Food: Check with local food banks, food rescue organizations, shelters, and other groups to see if they would be willing to accept donations of leftover food. Some organizations might even be willing to send someone to pick up the leftovers from the reception site. If you can't find a nonprofit organization that can accept your leftovers, you may still be able to help brighten someone's day. Ask family members or friends if they can take the food to their church or office. After all, who doesn't love it when a co-worker shows up with some free cake?

Flowers: Consider donating your attendants' bouquets and floral centerpieces to local hospitals or retirement communities. After serving their purpose of beautifying your big day, your gorgeous floral arrangements may be able to cheer up individuals who are ill, lonely, or just in need of a little dose of beauty.

Other Decorations: Other elements of your decor may also lend themselves to post-wedding donations. For example, if you employ brightly colored children's books to convey your storybook wedding theme or use vintage classic novels to add to the elegance to your reception's decor, consider donating the books to a local school or library after the wedding. There are also many organizations that collect book donations to send to children throughout the world, as well as service personnel serving overseas.

Even strictly decorative items might be of use to someone else. A retirement home with a stretched decoration budget might welcome some lightly used tablecloths or garlands that can liven up parties or events. Plus, many items can be repurposed if people are crafty enough. Local preschools might love a box of colorful leftover paper napkins that children can use for crafts.
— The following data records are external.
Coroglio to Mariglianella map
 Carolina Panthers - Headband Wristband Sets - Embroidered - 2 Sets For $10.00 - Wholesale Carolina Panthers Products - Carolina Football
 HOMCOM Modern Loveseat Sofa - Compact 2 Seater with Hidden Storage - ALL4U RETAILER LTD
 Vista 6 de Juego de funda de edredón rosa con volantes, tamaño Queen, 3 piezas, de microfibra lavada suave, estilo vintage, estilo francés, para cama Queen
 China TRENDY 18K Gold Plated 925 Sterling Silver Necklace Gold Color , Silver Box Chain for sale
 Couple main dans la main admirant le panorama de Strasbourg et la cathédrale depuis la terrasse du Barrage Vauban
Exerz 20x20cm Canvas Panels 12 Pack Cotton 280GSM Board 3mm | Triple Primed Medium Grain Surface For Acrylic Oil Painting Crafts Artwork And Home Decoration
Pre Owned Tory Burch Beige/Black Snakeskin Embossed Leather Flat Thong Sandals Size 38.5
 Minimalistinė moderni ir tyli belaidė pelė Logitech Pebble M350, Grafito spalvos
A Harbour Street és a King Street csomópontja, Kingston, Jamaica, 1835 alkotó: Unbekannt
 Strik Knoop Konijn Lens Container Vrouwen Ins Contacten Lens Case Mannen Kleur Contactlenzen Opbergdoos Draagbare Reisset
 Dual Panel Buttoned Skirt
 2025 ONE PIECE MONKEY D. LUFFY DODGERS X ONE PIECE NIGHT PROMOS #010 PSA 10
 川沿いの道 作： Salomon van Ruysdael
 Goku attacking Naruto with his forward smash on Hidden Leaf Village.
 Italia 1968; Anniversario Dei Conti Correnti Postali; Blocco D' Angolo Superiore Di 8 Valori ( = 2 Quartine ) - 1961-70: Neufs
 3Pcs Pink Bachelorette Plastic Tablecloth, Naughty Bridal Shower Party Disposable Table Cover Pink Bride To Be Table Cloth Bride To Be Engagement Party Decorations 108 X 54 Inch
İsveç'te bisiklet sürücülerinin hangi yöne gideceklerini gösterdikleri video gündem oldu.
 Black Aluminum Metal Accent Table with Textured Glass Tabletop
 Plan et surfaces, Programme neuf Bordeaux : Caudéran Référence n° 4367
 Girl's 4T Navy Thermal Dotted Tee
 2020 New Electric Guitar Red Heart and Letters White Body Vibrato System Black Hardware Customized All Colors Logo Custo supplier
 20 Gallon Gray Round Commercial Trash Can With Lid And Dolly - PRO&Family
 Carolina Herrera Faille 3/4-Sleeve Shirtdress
And, of course, your opportunities to give back don't have to end with your wedding day. Some couples may be interested in completing a service trip instead of their honeymoon. (Similarly, brides and grooms may wish to consider a mission trip or volunteer day as an alternative to the more traditional pre-wedding celebrations of bachelor/bachelorette parties and wedding showers.) Couples can check with local churches to see if they have any upcoming mission trips planned or volunteer for a work trip through organizations such as Habitat for Humanity, Global Aid Network, or Food for the Poor. Couples who are not ready to commit to taking an entire service-based trip may be able to spend a day or two volunteering, wherever their honeymoon destination.

Opportunities to use your wedding festivities to give back to the community are bountiful, and there are innumerable worthy organizations that would be glad to accept gifts of money, as well as donated items and time. And what better way to share your own personal love story than by spreading the love out into the world?